Sheath gas temperature

400 °C

Nozzle voltage

0 V

MS parameters

Scan type

Dynamic MRM

Pre-run script

SCP_MSDiverterValveToWaste() 
{MH_Acq_Scripts.exe}

Time segments

#1: 1.0 min - diverter valve to MS

Delta EMV (+)

0 V

Results and Discussion  

At low pH, morphine, codeine, and their derivatives were protonated at the tertiary amine group and were strongly retained on Plexa PCX polymeric sorbent by a combination of hydrophobic retention and a strong cation exchange.

A 100% methanol wash eliminated most matrix interferences without loss of opiates from the SPE column. A strong base was added to the organic eluent to break ionic interaction between the analytes and the strong cation exchange sorbent.

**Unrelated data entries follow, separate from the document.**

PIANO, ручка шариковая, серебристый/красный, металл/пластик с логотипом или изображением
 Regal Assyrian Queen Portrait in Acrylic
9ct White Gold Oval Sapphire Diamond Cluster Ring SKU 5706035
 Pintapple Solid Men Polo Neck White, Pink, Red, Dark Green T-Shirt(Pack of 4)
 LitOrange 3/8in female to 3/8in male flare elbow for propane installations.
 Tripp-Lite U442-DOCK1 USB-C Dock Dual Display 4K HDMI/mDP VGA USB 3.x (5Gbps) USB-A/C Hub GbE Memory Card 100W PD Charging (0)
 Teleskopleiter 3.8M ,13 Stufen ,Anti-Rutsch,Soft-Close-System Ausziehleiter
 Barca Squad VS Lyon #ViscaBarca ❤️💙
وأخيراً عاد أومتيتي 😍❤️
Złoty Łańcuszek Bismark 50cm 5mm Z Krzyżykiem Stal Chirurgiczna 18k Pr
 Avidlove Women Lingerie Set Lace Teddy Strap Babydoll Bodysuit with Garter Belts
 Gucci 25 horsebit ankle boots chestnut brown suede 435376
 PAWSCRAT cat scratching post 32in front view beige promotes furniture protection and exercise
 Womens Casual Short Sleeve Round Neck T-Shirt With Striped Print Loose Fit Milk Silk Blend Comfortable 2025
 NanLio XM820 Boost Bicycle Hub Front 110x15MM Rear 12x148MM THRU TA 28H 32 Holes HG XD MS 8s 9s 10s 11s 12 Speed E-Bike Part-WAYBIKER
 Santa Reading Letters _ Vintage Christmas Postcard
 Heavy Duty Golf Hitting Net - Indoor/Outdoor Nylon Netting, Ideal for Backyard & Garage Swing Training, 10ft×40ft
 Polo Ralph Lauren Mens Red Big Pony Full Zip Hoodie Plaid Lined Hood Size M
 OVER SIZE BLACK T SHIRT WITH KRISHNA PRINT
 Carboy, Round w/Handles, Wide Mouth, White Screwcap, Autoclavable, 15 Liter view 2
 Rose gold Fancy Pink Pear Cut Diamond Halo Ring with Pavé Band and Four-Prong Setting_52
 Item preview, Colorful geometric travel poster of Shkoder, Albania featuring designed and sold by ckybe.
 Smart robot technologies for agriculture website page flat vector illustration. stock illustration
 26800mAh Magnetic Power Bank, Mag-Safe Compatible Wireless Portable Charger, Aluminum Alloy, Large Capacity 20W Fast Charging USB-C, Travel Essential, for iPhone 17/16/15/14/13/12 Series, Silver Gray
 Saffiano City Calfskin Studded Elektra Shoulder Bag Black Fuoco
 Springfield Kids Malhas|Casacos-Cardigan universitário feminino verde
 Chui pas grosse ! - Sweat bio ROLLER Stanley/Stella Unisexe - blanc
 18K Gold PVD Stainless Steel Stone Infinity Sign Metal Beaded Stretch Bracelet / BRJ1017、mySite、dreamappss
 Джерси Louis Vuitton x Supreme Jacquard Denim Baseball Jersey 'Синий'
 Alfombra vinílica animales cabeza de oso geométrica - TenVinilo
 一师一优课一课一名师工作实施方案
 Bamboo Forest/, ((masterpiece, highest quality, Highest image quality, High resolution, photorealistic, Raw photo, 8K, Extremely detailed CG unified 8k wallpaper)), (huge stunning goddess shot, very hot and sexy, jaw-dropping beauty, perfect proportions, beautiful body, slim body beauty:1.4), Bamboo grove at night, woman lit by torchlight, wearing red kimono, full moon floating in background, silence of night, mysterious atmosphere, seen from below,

The opiates recovery was optimized with 20% NH₄OH added to methanol shortly before sample elution.

The Poroshell 120 EC-C18, 3 × 50 mm,
2.7 µm column provided excellent separation and peak shapes for opiates and potentially interfering compounds, with the analysis completed within 2.5 minutes (Figure 2). LC separation started with a low fraction of organic solvent (5%) to allow salts and other polar components of urine to elute at the beginning of the sample run. Each sample run started with diverting a first portion of flow (0 to 1 minutes) to waste to minimize source contamination. Data collection started at 1.0 minutes, immediately after the diverter valve switch. A flow rate of 0.8 mL/min allowed for short analysis and re‑equilibration times. 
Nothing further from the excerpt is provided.